## Requirement
In the listing below, find the line containing "This middle section" and the line containing "Welcome! In front". Repeat exactly those two lines and every line between them.

## Supplied records

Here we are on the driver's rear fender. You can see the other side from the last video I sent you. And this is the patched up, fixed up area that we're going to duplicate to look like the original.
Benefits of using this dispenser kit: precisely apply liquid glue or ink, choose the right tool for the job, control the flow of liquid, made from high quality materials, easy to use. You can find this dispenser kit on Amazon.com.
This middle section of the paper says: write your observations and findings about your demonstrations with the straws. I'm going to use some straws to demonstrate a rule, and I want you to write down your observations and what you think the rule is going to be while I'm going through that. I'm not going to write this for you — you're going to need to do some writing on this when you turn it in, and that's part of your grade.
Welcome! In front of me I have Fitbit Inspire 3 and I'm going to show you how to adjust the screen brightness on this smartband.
---
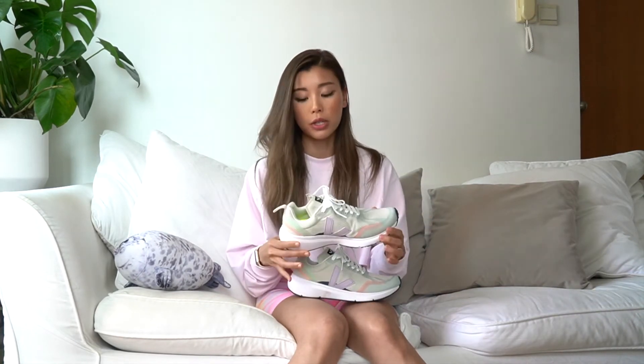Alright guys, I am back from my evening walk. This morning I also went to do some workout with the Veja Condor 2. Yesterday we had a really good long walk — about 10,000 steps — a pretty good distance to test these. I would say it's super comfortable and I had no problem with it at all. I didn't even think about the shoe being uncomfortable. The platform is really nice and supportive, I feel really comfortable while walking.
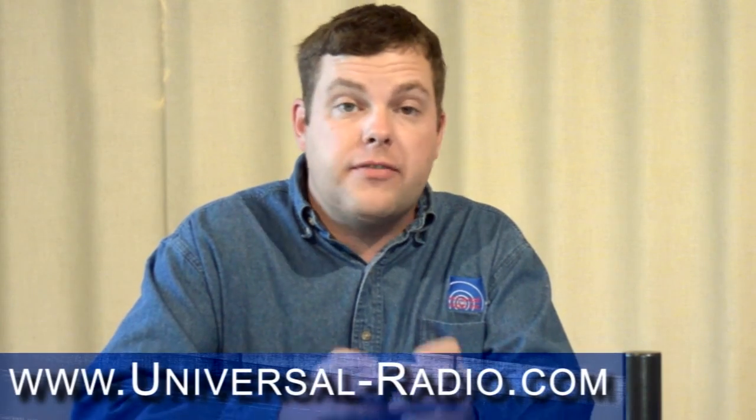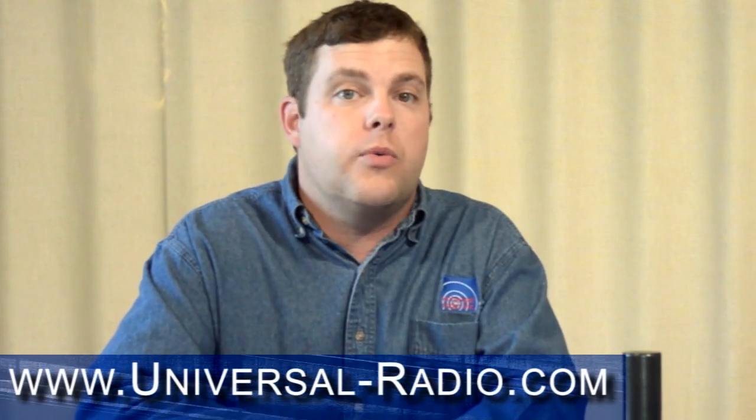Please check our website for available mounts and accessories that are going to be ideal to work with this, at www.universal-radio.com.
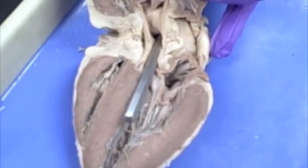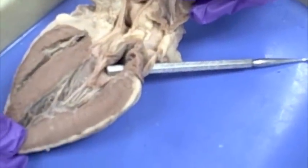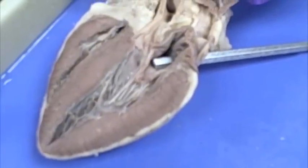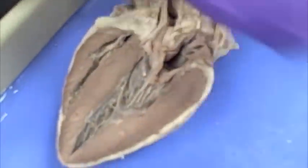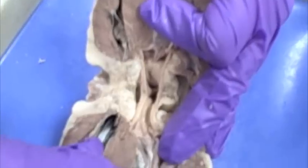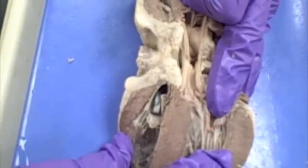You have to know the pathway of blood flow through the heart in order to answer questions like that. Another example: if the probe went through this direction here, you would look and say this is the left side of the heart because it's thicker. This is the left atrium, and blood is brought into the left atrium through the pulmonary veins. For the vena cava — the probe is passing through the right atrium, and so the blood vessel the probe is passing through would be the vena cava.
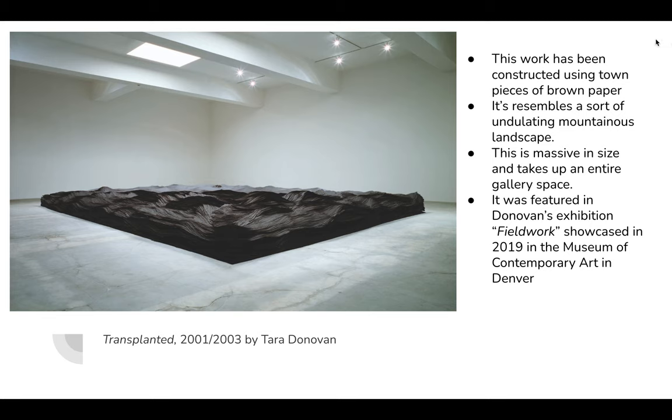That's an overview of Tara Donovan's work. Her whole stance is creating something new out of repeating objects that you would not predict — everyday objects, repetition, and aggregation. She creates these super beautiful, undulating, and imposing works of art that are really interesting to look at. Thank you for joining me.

## Answer section
This middle section of the paper says: write your observations and findings about your demonstrations with the straws. I'm going to use some straws to demonstrate a rule, and I want you to write down your observations and what you think the rule is going to be while I'm going through that. I'm not going to write this for you — you're going to need to do some writing on this when you turn it in, and that's part of your grade.
Welcome! In front of me I have Fitbit Inspire 3 and I'm going to show you how to adjust the screen brightness on this smartband.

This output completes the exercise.